2.1    Subject to the terms and conditions of this Agreement and payment of all applicable fees and charges set forth in this Agreement, Company grants Customer a non-exclusive, non-transferable, revocable, limited right and license during the Term to use the Service for Customer’s internal, in-house business use only within the Territory and elsewhere as authorized by Company. Company reserves all rights in the Service not expressly granted herein. 

2.2    Company reserves the right to perform maintenance of the Service as needed and, except in the event of emergency maintenance, will provide reasonable notice to Customer of any unavailability and the reasons therefore.  Except for Company-provisioned cellular data modems used exclusively for Service (if applicable), Customer acknowledges that Company shall not be responsible for providing internet access or any equipment or services necessary to utilize internet access, including any WiFi equipment, local area network, internet connection operations & equipment, and security at each Site. 

2.3    A user account is required to access the Service, which may be used only by Authorized Users.  Each User must have a personal, non-transferable password to use his/her respective user account.  User accounts shall not be “shared” or used by more than one User.

2.4    Customer is responsible for any and all activities that occur under Customer’s User accounts, including without limitation any loss or damage which results from their misuse.  IDs and passwords for the Company’s Service shall be reasonably protected and safeguarded by the Customer to prevent unauthorized use of credentials.  Customer shall: (a) notify Company immediately of any unauthorized use of any password or account or any other known or suspected breach of security; (b) report to Company immediately and stop immediately any copying or distribution of any content contained in, or accessible through, the Service that is known or suspected by Customer or its Users; (c) ensure that use of the Service shall at all times comply with all applicable laws, regulations, and conventions.

2.5    Where the Customer reports a failure in the Service or any Thermostat or Cellular Data Modem Hardware and upon investigation by Company, such failure: (a) is not capable of being replicated by Company; (b) arose in Company’s reasonable opinion because of the Customer’s (or its employees’ or agents’) misuse, negligence or willful misconduct or; or (c) relates to computer equipment or software that does not form part of the Service, the Company reserves the right to charge for the work undertaken in investigating the failure at its then standard rates.  

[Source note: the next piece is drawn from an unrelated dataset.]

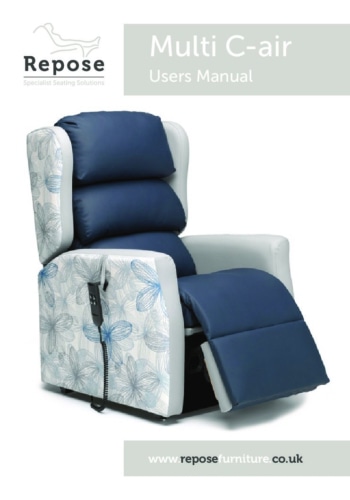 Multi C Air User Manual pdf Repose Furniture User Manuals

2.6    The Customer warrants that it has sought all necessary permissions and is legally entitled to allow Company to monitor each User and process the personal data.

3. TERM AND TERMINATION

3.1    This Agreement shall commence on the Effective Date and shall remain in effect through the Initial Term unless earlier terminated as set forth below.  This Agreement shall renew automatically for successive one-year periods at the Service fees in effect at the time of each such renewal until terminated upon one party giving the other at least 60 days written notice prior to the expiry of the renewal period then in effect (collectively, the Initial Term and all renewal periods shall be the "Term").

3.2    Either party may terminate this Agreement upon notice to the other party if the other party materially breaches this Agreement and such breach is not remedied within 30 days of such notice (10 days for non-payment).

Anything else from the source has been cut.